Ontario Budget 2013 tabled in the legislature on May 2, 2013 includes some benefits for immigrants and refugees. However, the continuing emphasis on austerity and balancing the budget will have an overall negative impact on these populations.
OCASI is deeply disappointed that the Budget fails to make equity-focused investments that would make a positive difference.
The government is holding funding for programs and services to less than 1% for the second year in a row. This is lower than the rate of inflation in some cases and would represent a cut for many. Ontario has the lowest investment in many areas of public service funding compared to the rest of Canada.

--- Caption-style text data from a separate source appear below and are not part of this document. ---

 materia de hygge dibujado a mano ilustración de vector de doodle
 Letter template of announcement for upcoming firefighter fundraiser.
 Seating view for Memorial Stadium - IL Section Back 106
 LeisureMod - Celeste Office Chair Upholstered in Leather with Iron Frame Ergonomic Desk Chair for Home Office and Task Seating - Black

OCASI is very pleased by the investment of an additional $15 million over three years for Bridge Training, starting in 2013-14. It demonstrates the government's commitment to immigrant labour market success. Bridge Training has proven to be among the more successful labour market integration initiatives for internationally trained immigrants. The new investment would help to address OCASI concerns about persistent and increasing immigrant under-employment.
The Budget promises to move forward on the Ontario Immigration Strategy by setting up an Employer Table shortly (in Spring 2013) to support employers and improve labour market outcomes for immigrants. This comes out of a recommendation made by the Expert Roundtable on Immigration. OCASI Executive Director Debbie Douglas, and Provincial Director Léonie Tchatat both served on the Roundtable.

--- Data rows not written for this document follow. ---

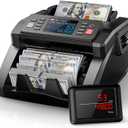 PONNOR N70 Mixed Denomination Money Counter Machine, Value Counting, Cash Counter with Three Displays, UV/MG/IR/MT Counterfeit Detection for Money Counting, Printer Enabled Bill Counter for Business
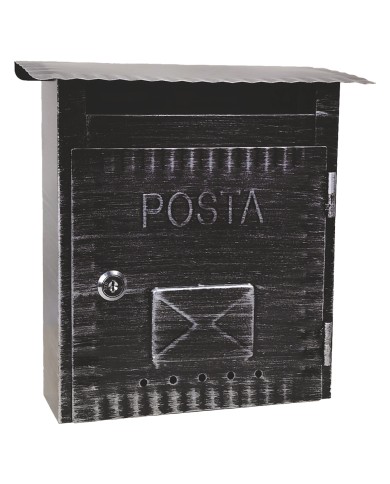 CASSETTA POSTALE IBISCO cm 26x9,7x h 29 - argento antico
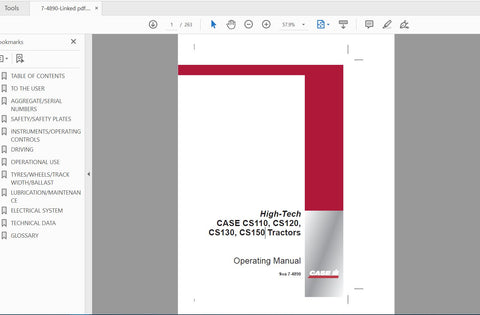 Discover the ultimate resource for your CASE IH tractor with the High-Tech CASE CS110, CS120, CS130, and CS150 Operator’s Manual. This comprehensive PDF file is designed to provide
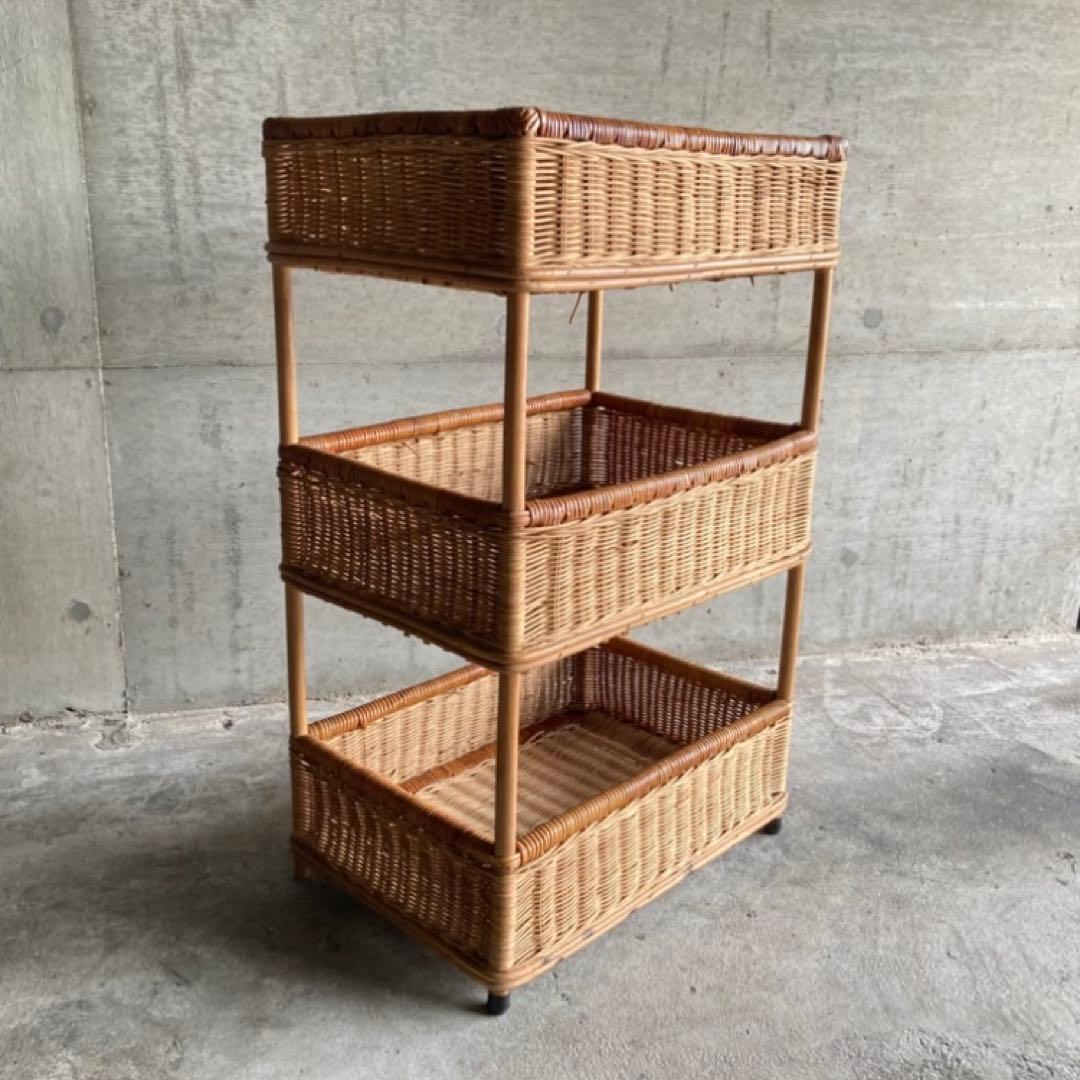 籐 ラタン 3段 収納 ラック 脱衣籠 バスケット スタンド 大型 レトロ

The creation of a new Youth Jobs Strategy resourced by $295 million over two years is significant, and is encouraging news for vulnerable youth populations. The Strategy includes $195 million over two years for the Youth Employment Fund to create employment opportunities, with a focus on youth experiencing high unemployment. We expect that employment concerns of immigrant and racialized youth will be priorities.
OCASI is disappointed that the Budget does not include any increase in the minimum wage. Instead, the government proposes to establish an Advisory Panel to review and advise on how the minimum wage should be adjusted. The Panel is to include workers and employers and is to report within six months.
As mentioned in our pre-budget submission, the minimum wage has been frozen at $10.25 for more than three years. During that period, the poverty line has overtaken the minimum wage and the number of Ontarians living in poverty has increased. OCASI asked the government to increase the minimum wage to $14 in 2013 to bring workers and their families 10% above the poverty line, and commit to annual cost-of-living adjustments.
The Budget provides ongoing funding of $3 million for enforcement of Employment Standards (ES), starting in 2013–14. The increase is targeted to hire additional officers and staff to carry out proactive workplace inspections. Vulnerable workers are named as a priority.
While the increase is encouraging, it falls short of the 2008 promise by the Ontario government to increase investment in ES enforcement as part of its Poverty Reduction Strategy. The commitment was for an additional $10 million annually. Last year, the government committed to meeting this goal by 2013. Since the announcement of the Poverty Reduction Strategy, conditions for workers have become worse. Immigrant and racialized workers are over-represented among those who are most affected.
OCASI is encouraged by the inclusion in this Budget of certain measures coming out of the Social Assistance Review. The Budget increases Social Assistance rates by 1%, and provides a $200 top-up for single adults without children, who are typically over-represented in low-income situations. Other measures include increasing asset limits, and more flexibility in the benefit structure that would allow those on assistance to keep more of their earned income.
OCASI is pleased that the Budget commits to providing additional funding of $30 million over three years to Legal Aid Ontario (LAO). This is a significant win, resulting from cross-sectoral advocacy to the Ontario government by diverse groups including OCASI, refugee lawyers and other refugee advocates.
The increase will serve to address some of the serious access to justice concerns raised by OCASI in our pre-budget submission. They include the impact of legal aid cuts on refugee claimants, particularly impact of LAO plans to cut legal representation at refugee hearings for many claimants, and cutting legal aid certificates for refugee cases by 40%. OCASI had serious concerns that lack of legal representation would produce negative results for claimants, and in many cases put their lives in danger.